Dataset extract =
⟨

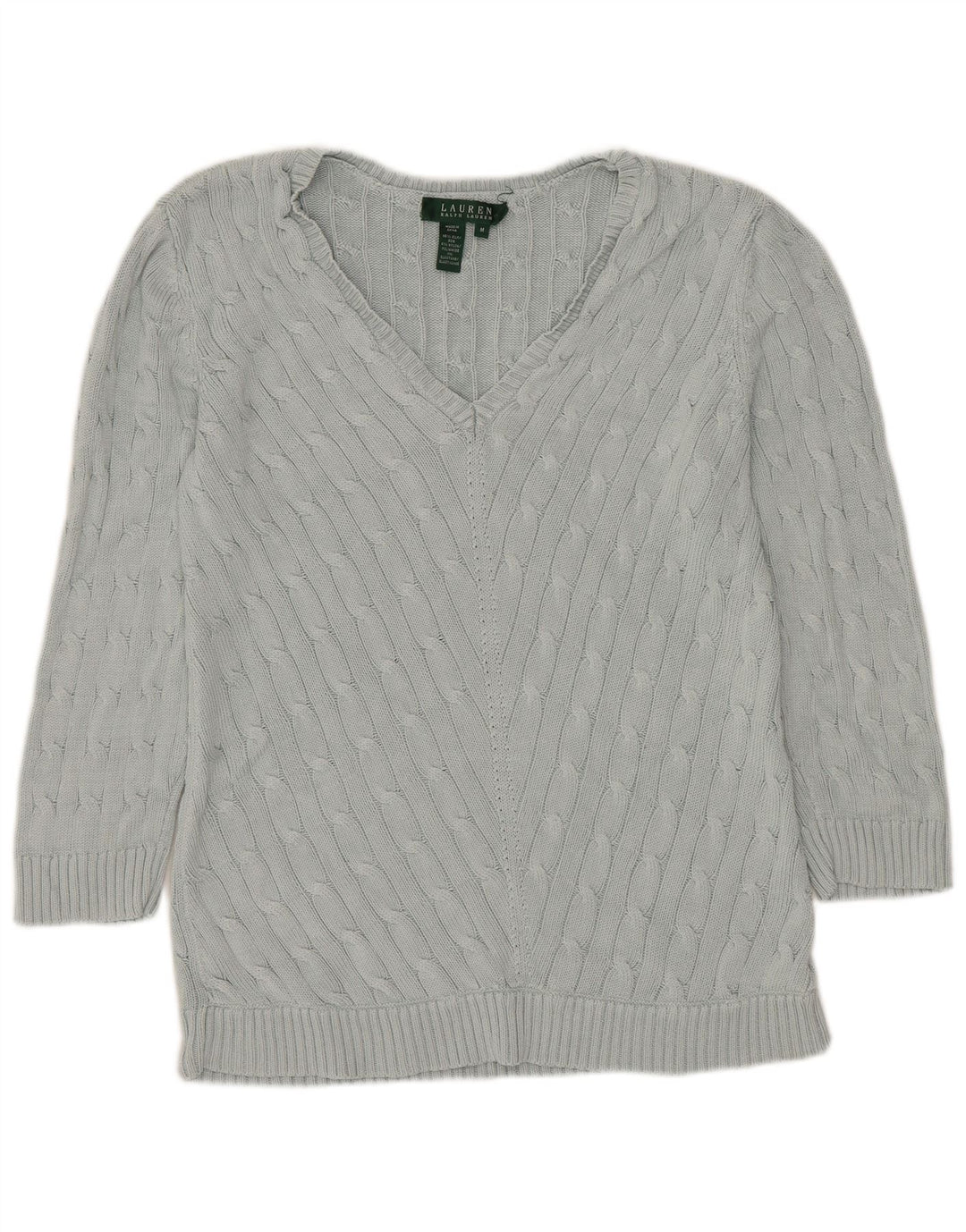 Ralph Lauren Dame 3/4-ærmet V-hals sweater UK 12 Medium Blue Silke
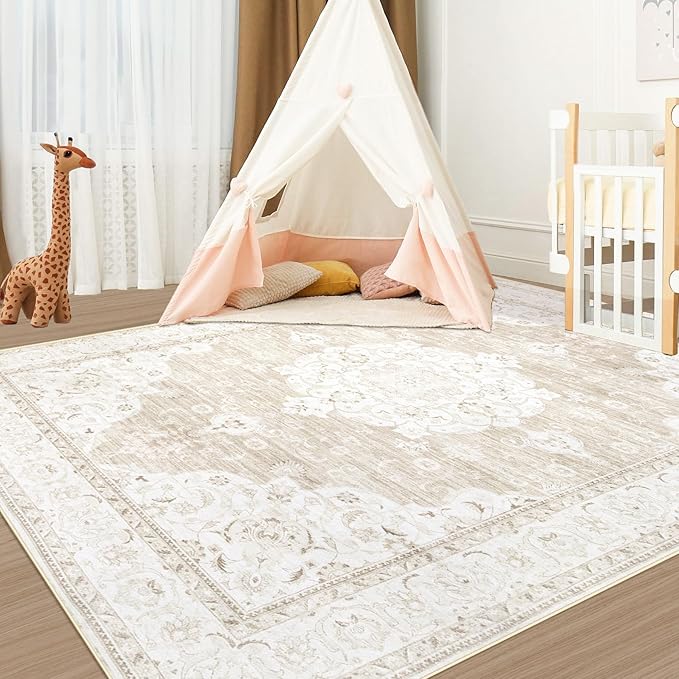 Vintage Living Room Area Rug - 5x7 Large Machine Washable Boho Moroccan Rug Distressed Farmhouse Rugs for Bedroom - Soft Non-Slip Indoor Carpet for Dining Room Office Nursery(Boho Beige, 5'x7')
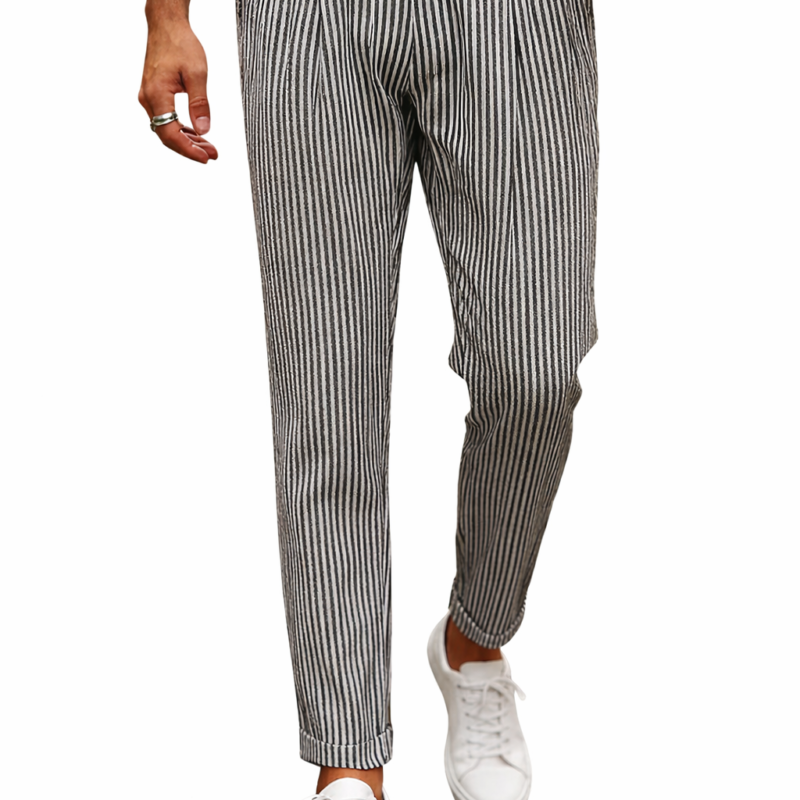 PANTALÓN DE VESTIR DE VERANO CON RAYAS BLANCAS Y NEGRO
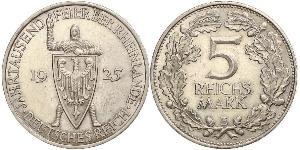 5 Mark / 5 Reichsmark Weimar Republic (1918-1933) Silver 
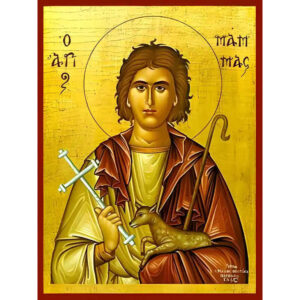 Εικόνα Ορθοδοξίας με περίγραμμα χρυσό σε ξύλο Φλαμουρίας  με  βάση Εικόνα ΑΓΙΟΣ ΜΑΜΑΣ, ΜΑΡΤΥΣ, ΚΑΙΣΑΡΕΙΑΣ Χειροποίητη Ελληνορθόδοξη εικόνα του Ιησού Χριστού, Κρεμαστή πλάκα βυζαντινής τέχνης, χριστιανική τέχνη Διάσταση 15x11 cm (5,9x4,3 ίντσες)  INTRAEK-337757864737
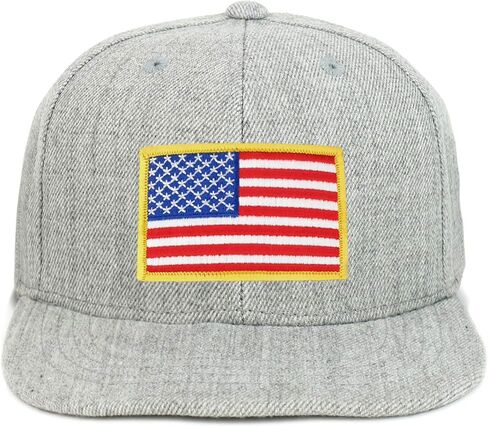 Armycrew Youth Kid Size Yellow American Flag Patch Flat Bill Snapback Baseball Cap in Saudi Arabia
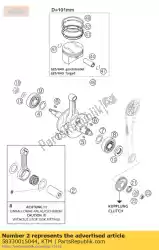 Aquí puede pedir conjunto de reparación de biela lc de KTM , con el número de pieza 58330015044:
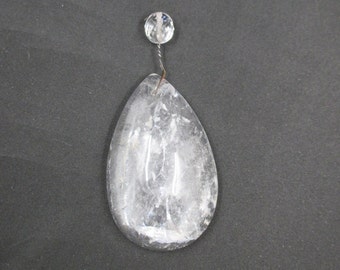 Vintage Chandelier Quartz Rock Crystal - Half Pear Chandelier Drop - 3.5"  Plus Wire & Bead - Replacement Rock Crystal Chandelier Drop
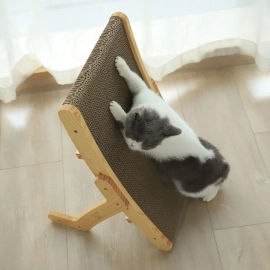 Wooden Cat Scratcher Scraper Detachable Lounge Bed..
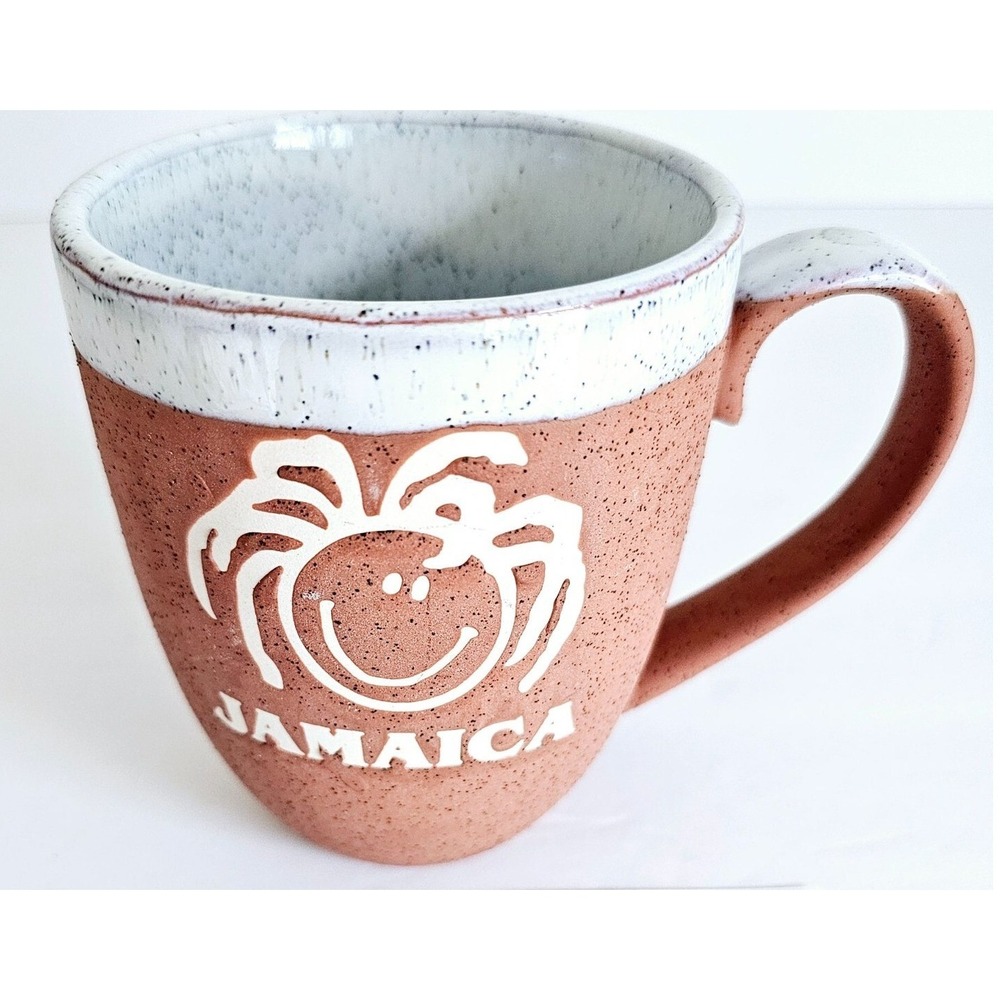 One Love Jamaica Coffee Mug Speckled Terracotta Ceramic Souvenir Tea Cup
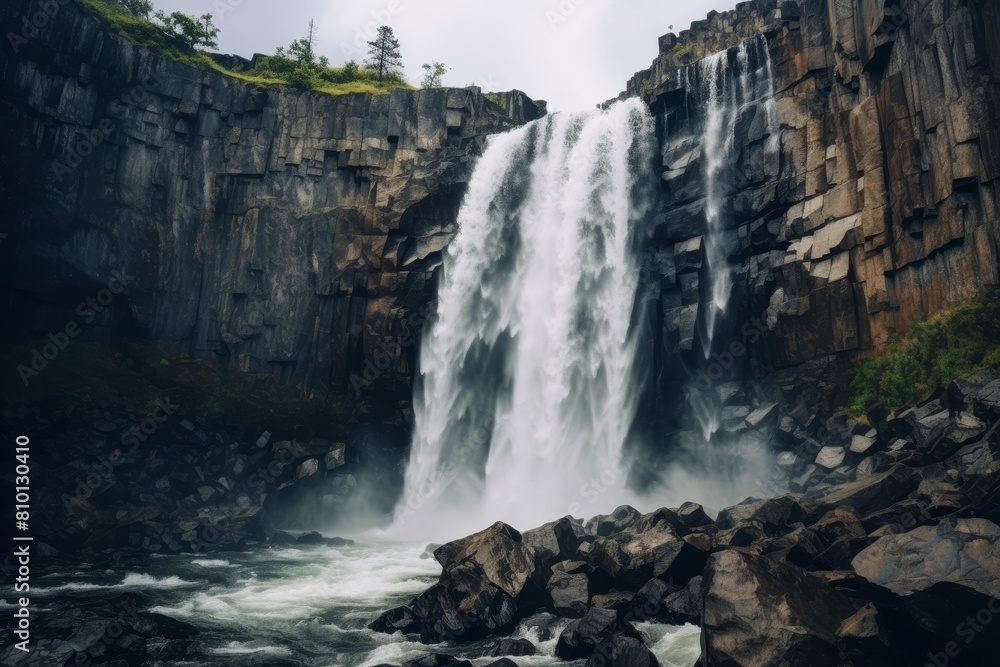 Obraz premium Powerful waterfall cascading down rugged cliffs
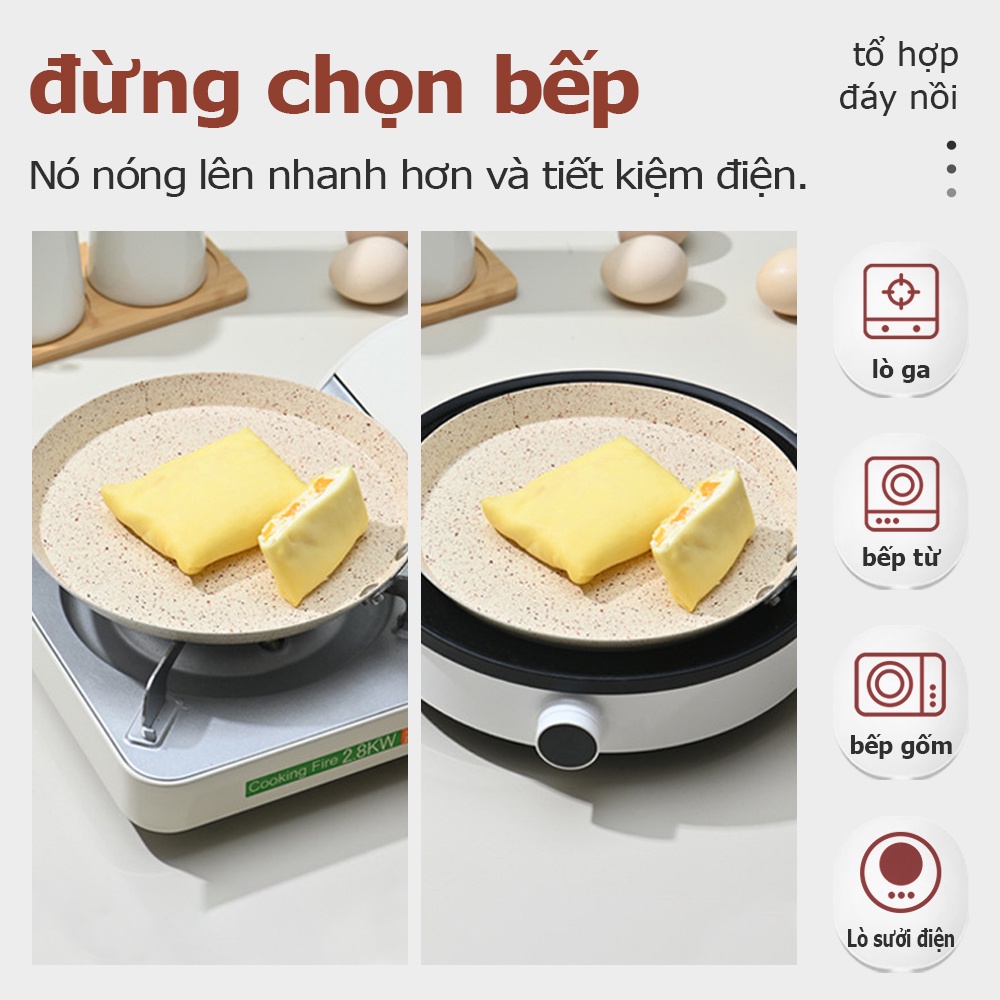 Yinkeo Chảo crepe Nhật Bản 8 inch Phủ Đá Cẩm Thạch Chống Dính Bánh pizza crepe crepe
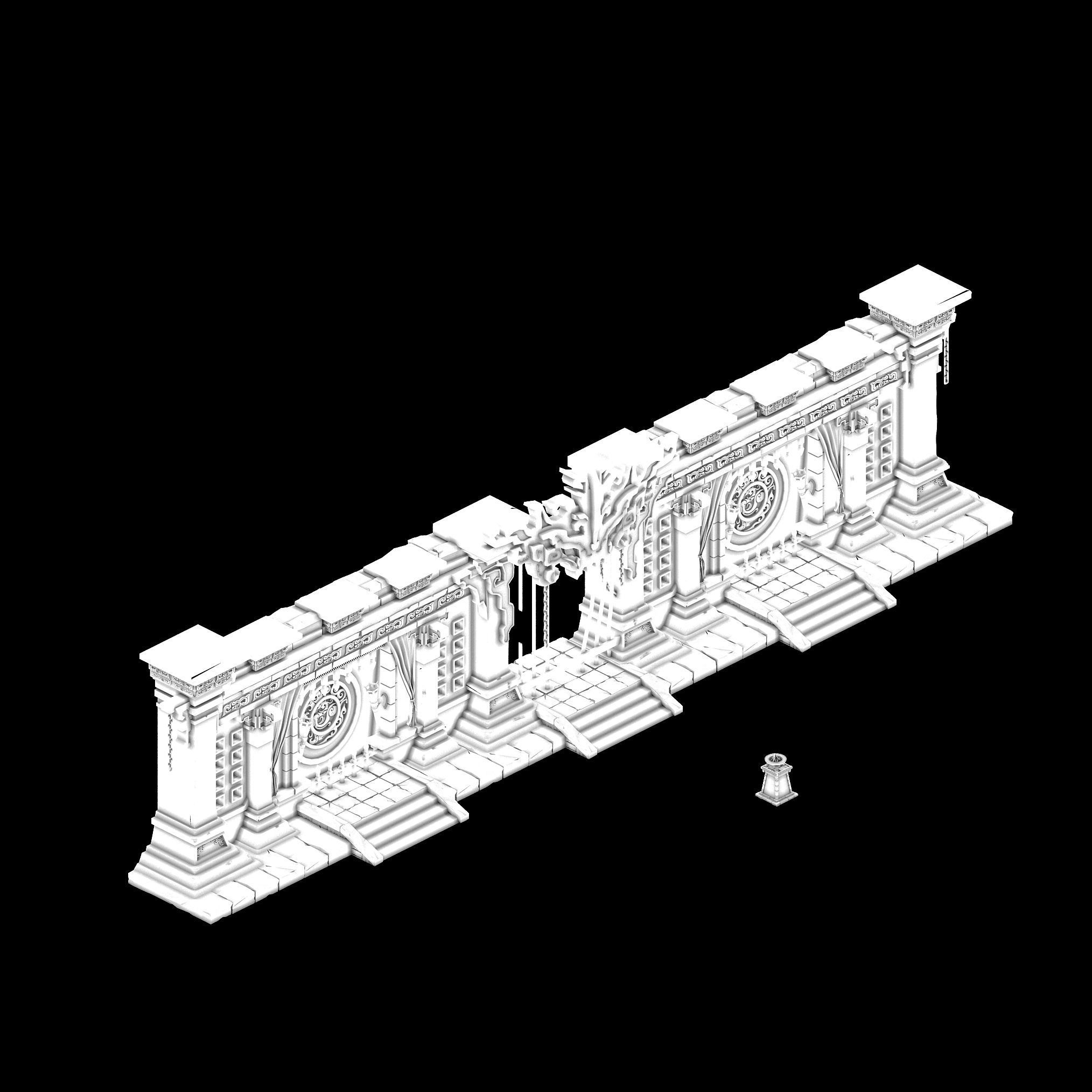 Underground Palace-Tomb-Gate-Wall 02 3D model_3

⟩

Pictures are to be left out, and the lines from the beginning of the records through the line with "One Love Jamaica" are to be printed exactly, with nothing added.

 Ralph Lauren Dame 3/4-ærmet V-hals sweater UK 12 Medium Blue Silke
 Vintage Living Room Area Rug - 5x7 Large Machine Washable Boho Moroccan Rug Distressed Farmhouse Rugs for Bedroom - Soft Non-Slip Indoor Carpet for Dining Room Office Nursery(Boho Beige, 5'x7')
 PANTALÓN DE VESTIR DE VERANO CON RAYAS BLANCAS Y NEGRO
 5 Mark / 5 Reichsmark Weimar Republic (1918-1933) Silver 
 Εικόνα Ορθοδοξίας με περίγραμμα χρυσό σε ξύλο Φλαμουρίας  με  βάση Εικόνα ΑΓΙΟΣ ΜΑΜΑΣ, ΜΑΡΤΥΣ, ΚΑΙΣΑΡΕΙΑΣ Χειροποίητη Ελληνορθόδοξη εικόνα του Ιησού Χριστού, Κρεμαστή πλάκα βυζαντινής τέχνης, χριστιανική τέχνη Διάσταση 15x11 cm (5,9x4,3 ίντσες)  INTRAEK-337757864737
 Armycrew Youth Kid Size Yellow American Flag Patch Flat Bill Snapback Baseball Cap in Saudi Arabia
 Aquí puede pedir conjunto de reparación de biela lc de KTM , con el número de pieza 58330015044:
 Vintage Chandelier Quartz Rock Crystal - Half Pear Chandelier Drop - 3.5"  Plus Wire & Bead - Replacement Rock Crystal Chandelier Drop
 Wooden Cat Scratcher Scraper Detachable Lounge Bed..
 One Love Jamaica Coffee Mug Speckled Terracotta Ceramic Souvenir Tea Cup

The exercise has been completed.